*** Opening of Entries supplied ***
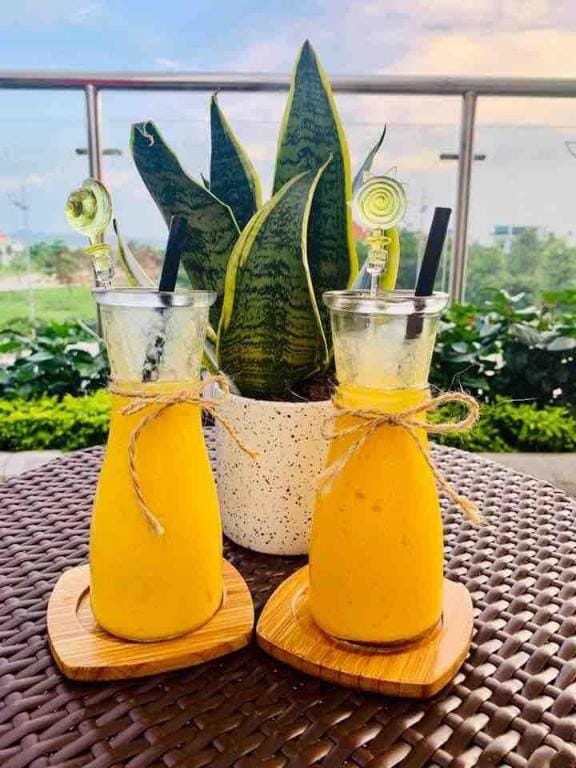 Partial Sea View 3 Bedroom Apartment in Laos
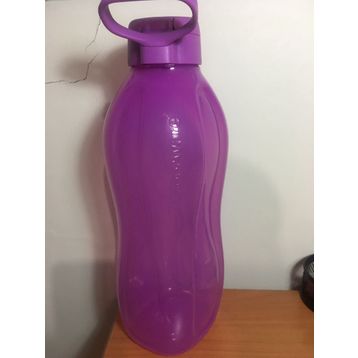 Tupperware 2 lt Eko Şişe Suluk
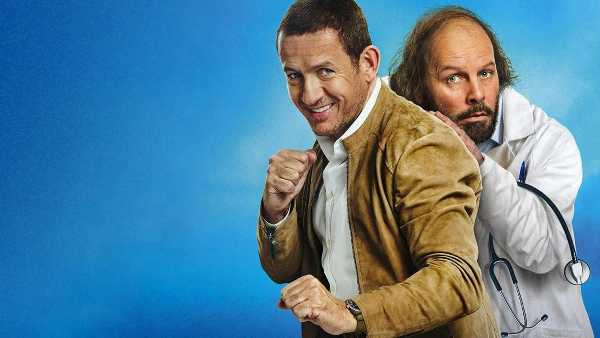 Stasera in TV: "Il colpo del leone". Con Dany Boon, Philippe Katerine e Anne Serra 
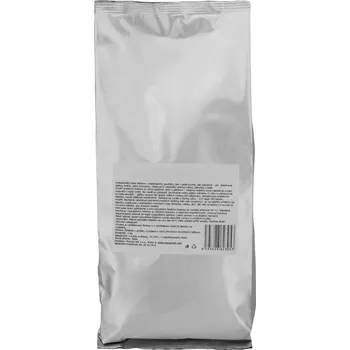 Mouka Mouka Farina integrale W190 (celozrnná jemná) 5 kg/sáček alu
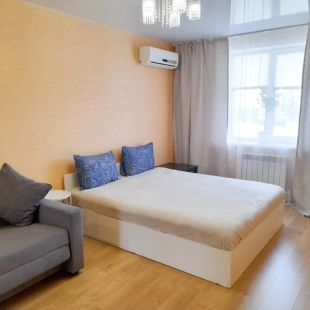 Фотография квартиры Квартира Виталия Жалнина 21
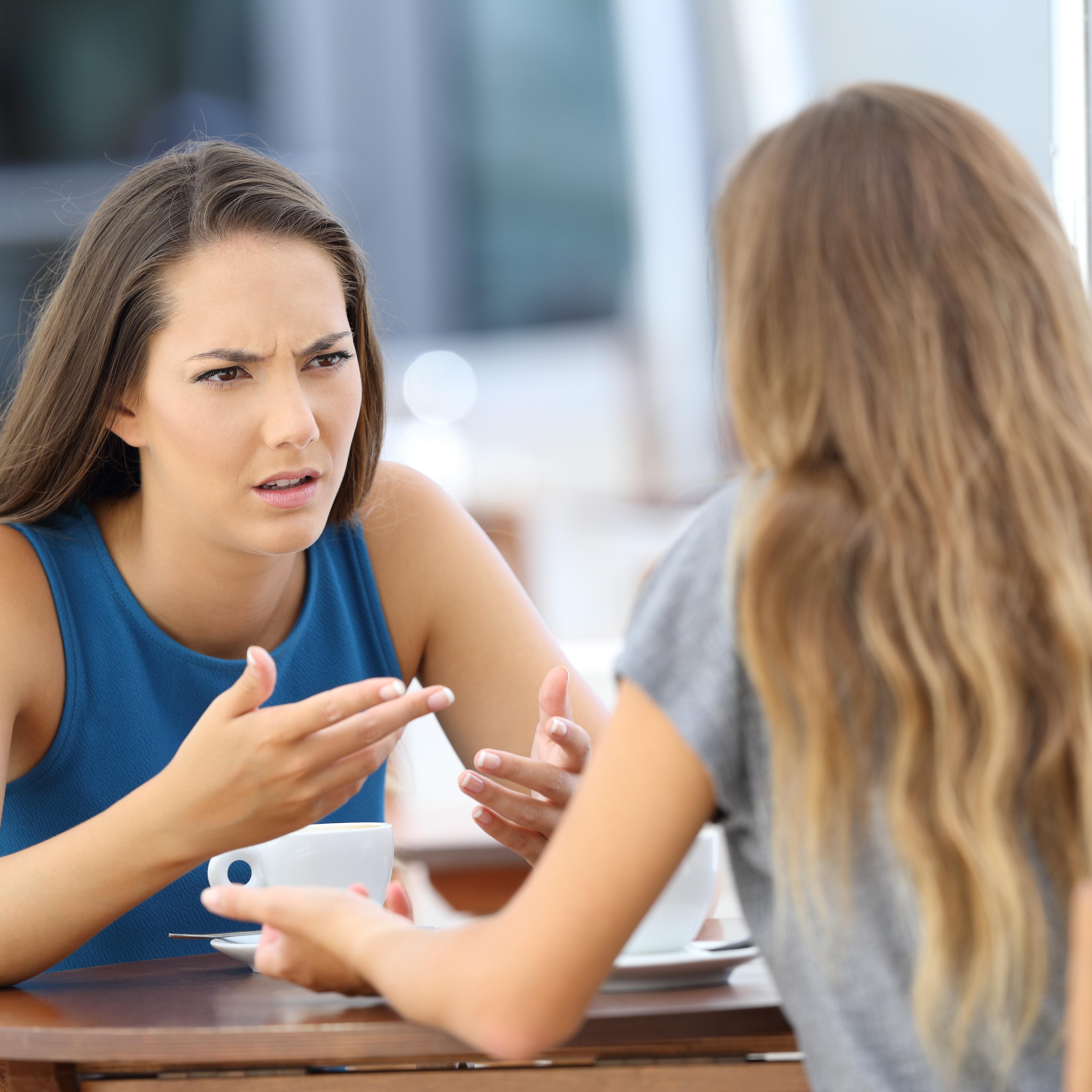 How to approach difficult conversations with an employee 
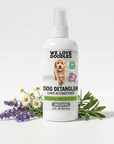 Dog Detangler Spray - Sample & Travel Size (2 oz)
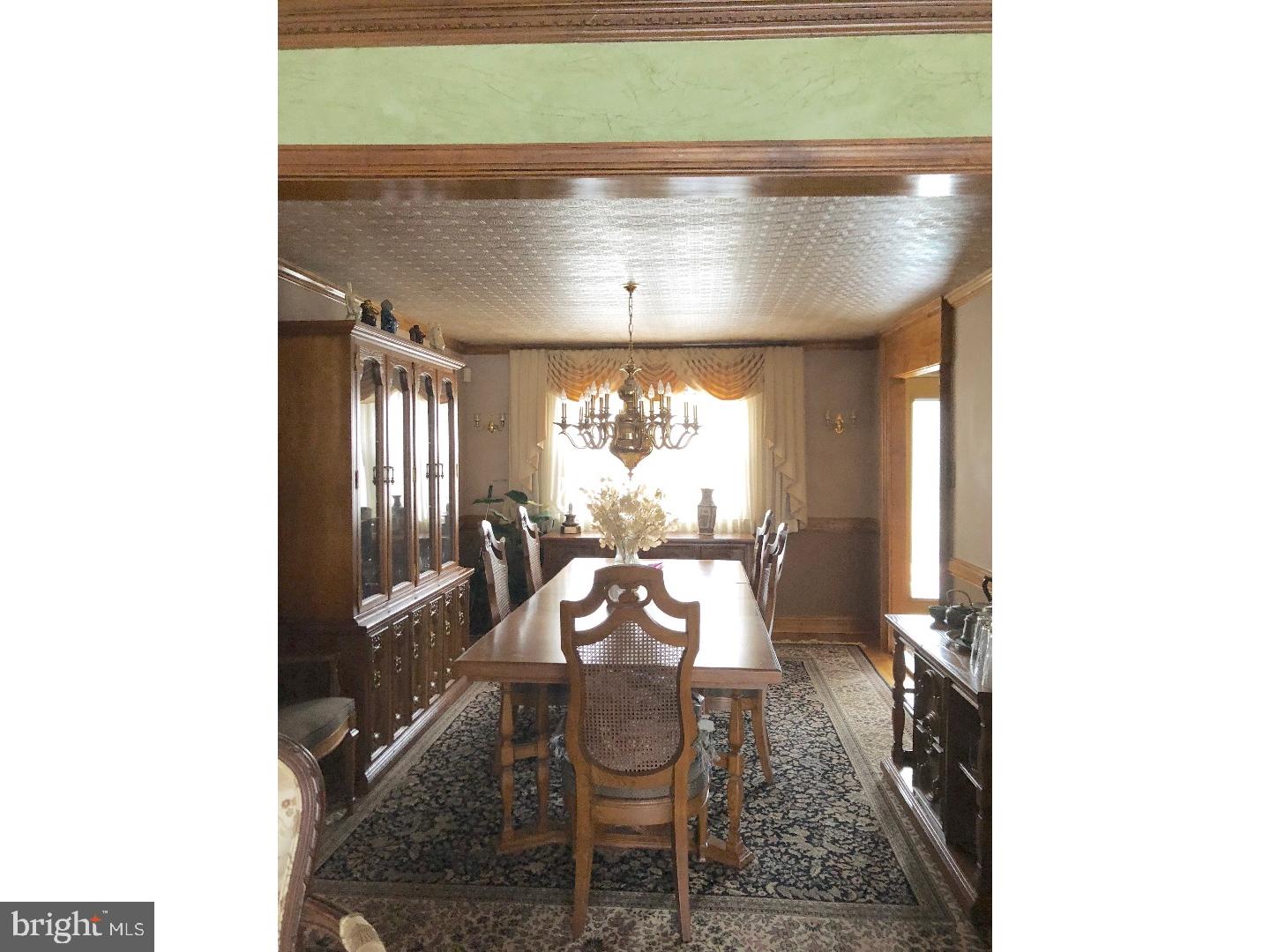 4 Rotterdam Road North Southampton, PA 18966 - Photo 8 of 24 Dining Room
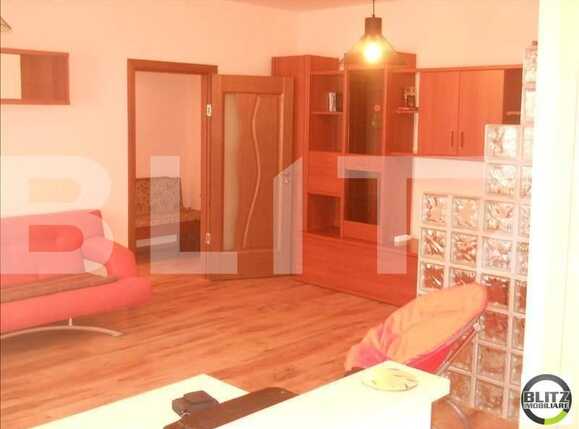 Apartament de închiriat 2 camere Zorilor - 7681AI | BLITZ Cluj-Napoca | Poza4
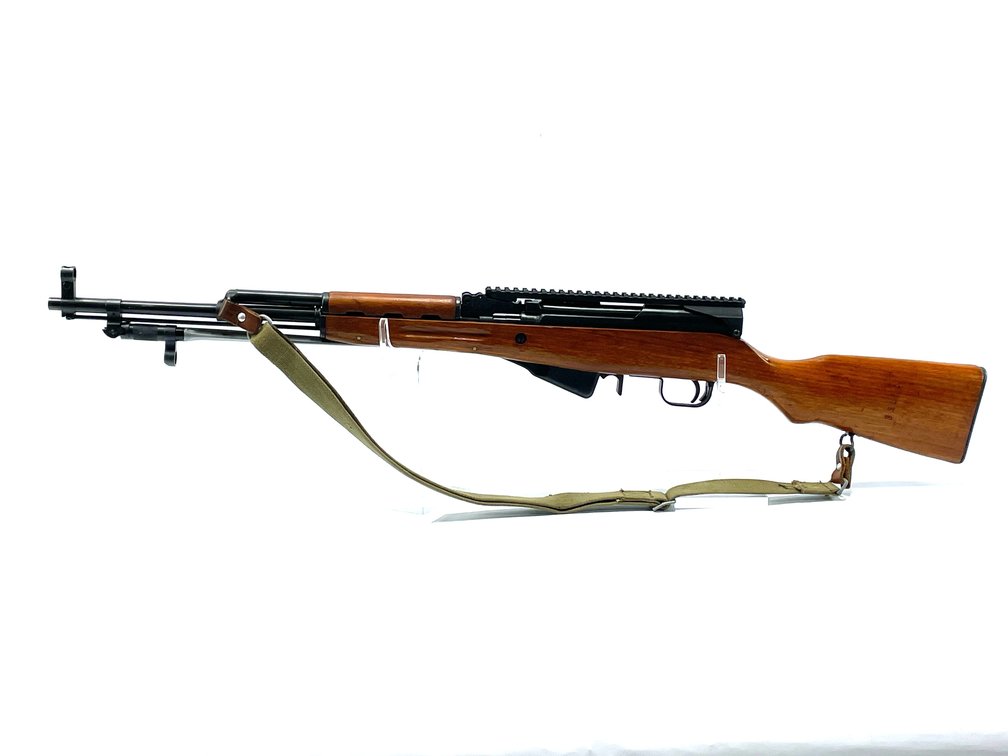 Norinco SKS 7.62x39mm Semi-Auto Rifle (6519)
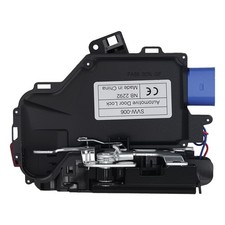 Serrure De Porte Serrure Avant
*** Close of Entries supplied ***
Exactly as they appear, transcribe the lines from the top of the material above through the line with "Apartament de închiriat". Omit any picture.

 Partial Sea View 3 Bedroom Apartment in Laos
 Tupperware 2 lt Eko Şişe Suluk
 Stasera in TV: "Il colpo del leone". Con Dany Boon, Philippe Katerine e Anne Serra 
 Mouka Mouka Farina integrale W190 (celozrnná jemná) 5 kg/sáček alu
 Фотография квартиры Квартира Виталия Жалнина 21
 How to approach difficult conversations with an employee 
 Dog Detangler Spray - Sample & Travel Size (2 oz)
 4 Rotterdam Road North Southampton, PA 18966 - Photo 8 of 24 Dining Room
 Apartament de închiriat 2 camere Zorilor - 7681AI | BLITZ Cluj-Napoca | Poza4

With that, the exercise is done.